Abstract—Multiple precision libraries typically use assembly-optimized loops for basecase operations on variable-length operands. We consider the alternative of generating lookup tables with hardcoded routines for many fixed sizes, e.g. for all multiplications up to 16 by 8 words. On recent ARM64 and x86-64 CPUs, we demonstrate up to a 2x speedup over GMP for basecase-sized multiplication and a 20% speedup for Karatsubasized operands. We pay special attention to the computation of approximate products and demonstrate up to a 3x speedup over GMP/MPFR for floating-point multiplication.

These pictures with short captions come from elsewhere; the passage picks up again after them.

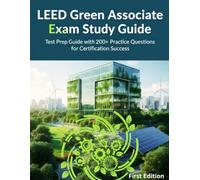LEED GREEN ASSOCIATE EXAM STUDY GUIDE: Complete LEED v4 Test Prep Guide with 200+ Realistic Practice Questions, Answers and Detailed Explanations for Certification Success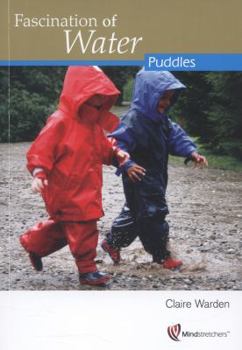 Paperback Fascination of Water: Puddles Book
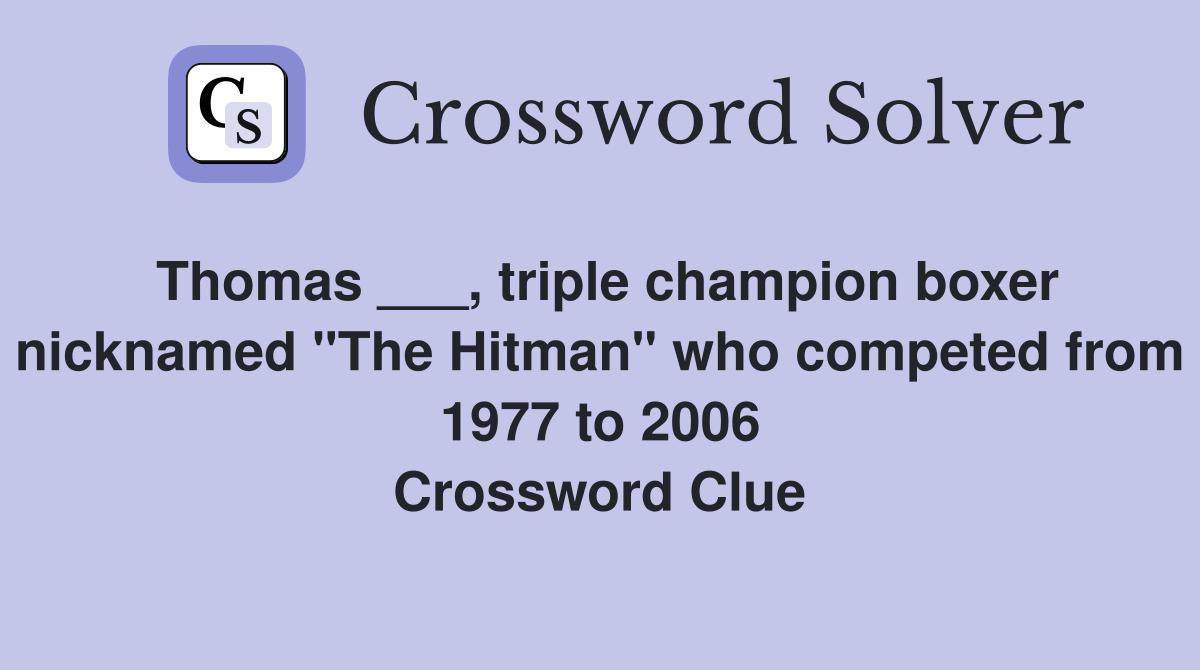 Thomas ___, triple champion boxer nicknamed "The Hitman" who competed from 1977 to 2006 Crossword Clue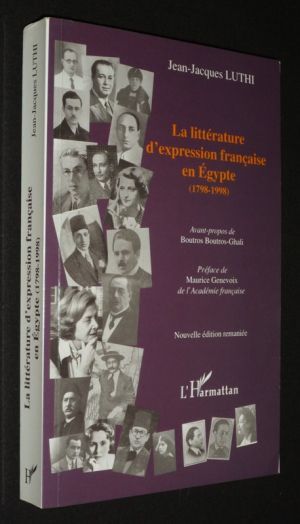 La Littérature d'expression française (1798-1998)
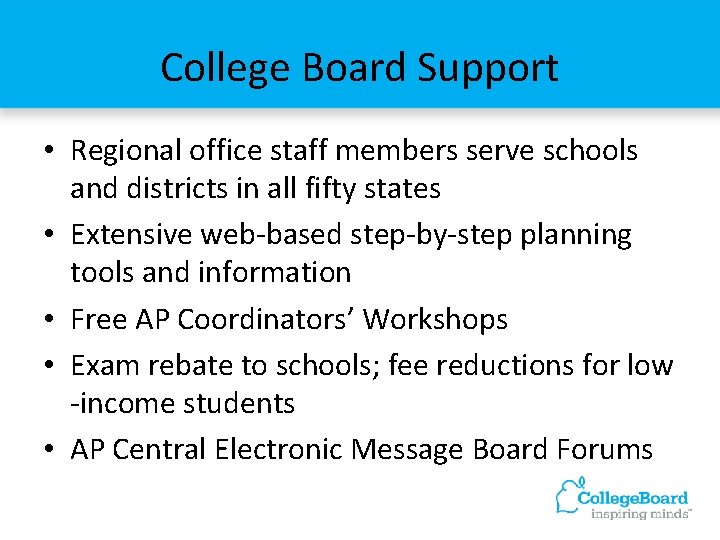 College Board Support • Regional office staff members serve schools and districts in all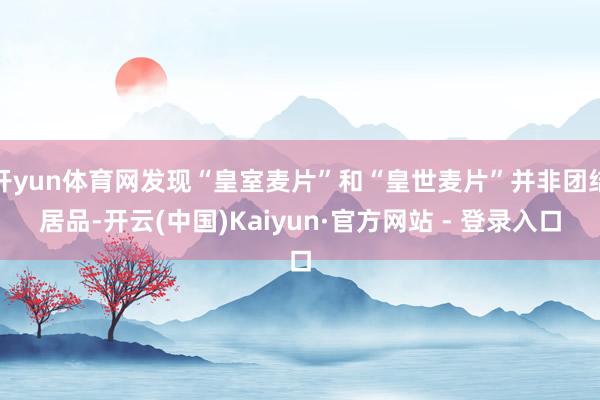 开yun体育网发现“皇室麦片”和“皇世麦片”并非团结居品-开云(中国)Kaiyun·官方网站 - 登录入口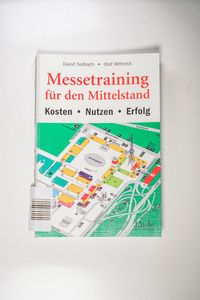Messetraining für den Mittelstand: Kosten. Nutzen. Erfolg - Selbach, David, Wittrock, Olaf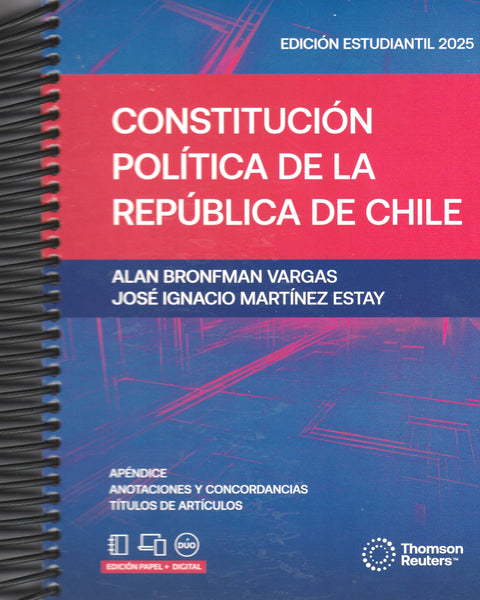 CONSTITUCIÓN POLÍTICA DE LA REPÚBLICA 2025 ESTUDIANTIL (ANILLADO) – THOMSON REUTERS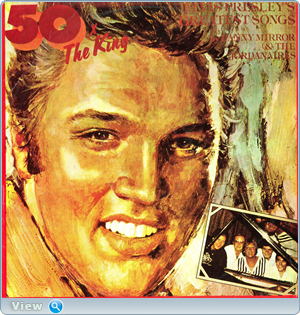 Danny Mirror & The Jordanaires – 50 X The King - Elvis Presley's Greatest   Songs (1985)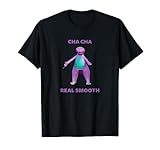 Cha Cha Real Smooth Meme T-Shirt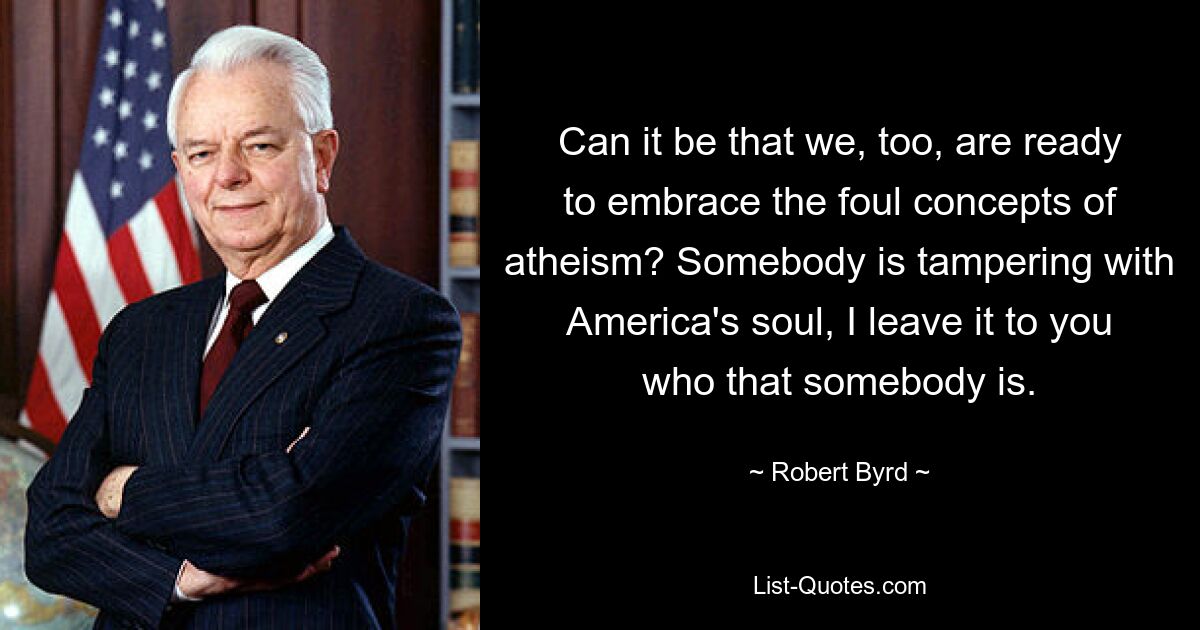 Can it be that we, too, are ready to embrace the foul concepts of atheism? Somebody is tampering with America's soul, I leave it to you who that somebody is. — © Robert Byrd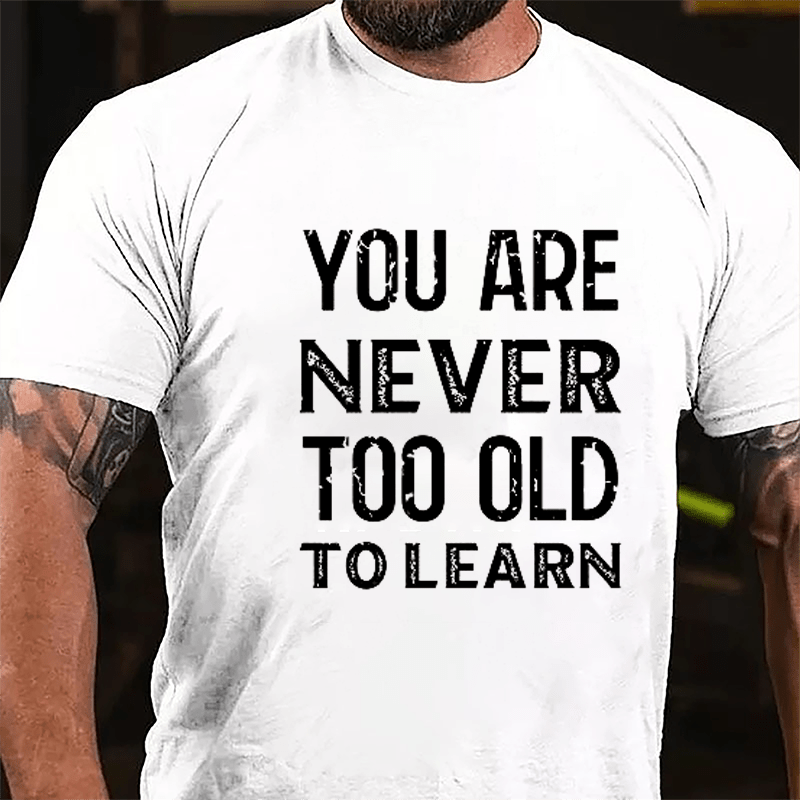 You Are Never Too Old To Learn Cotton T-shirt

Index Terms—integer multiplication, multiple precision, bignum arithmetic, floating-point arithmetic, performance

# I. Introduction

We consider arithmetic on natural numbers in the standard form  $\sum_{i=0}^{n-1} c_i \beta^i$  with  $0 \le c_i < \beta$ , where we assume a full-word radix  $\beta = 2^B$ , B = 64, on a typical 64-bit machine. A popular software implementation allowing operands with variable size n is the low-level mpn layer of GMP [6].

The most performance-critical operation is arguably multiplication which for  $n\gg 1$  is much more expensive than addition and also serves as the backbone for fast implementations of higher operations such as division [17]. Given operands  $a=\sum_{i=0}^{m-1}a_i\beta^i$  and  $b=\sum_{i=0}^{n-1}b_i\beta^i$  where we may assume  $m\geq n\geq 1$ , the schoolbook multiplication algorithm [14, §4.3.1] forms the product

$$c = \sum_{i=0}^{m+n-1} c_i \beta^i = \sum_{i=0}^{m-1} \sum_{j=0}^{n-1} a_i b_j \beta^{i+j}$$

using mn single-word multiplications (with double-word output) interleaved with additions with carry-in and carry-out.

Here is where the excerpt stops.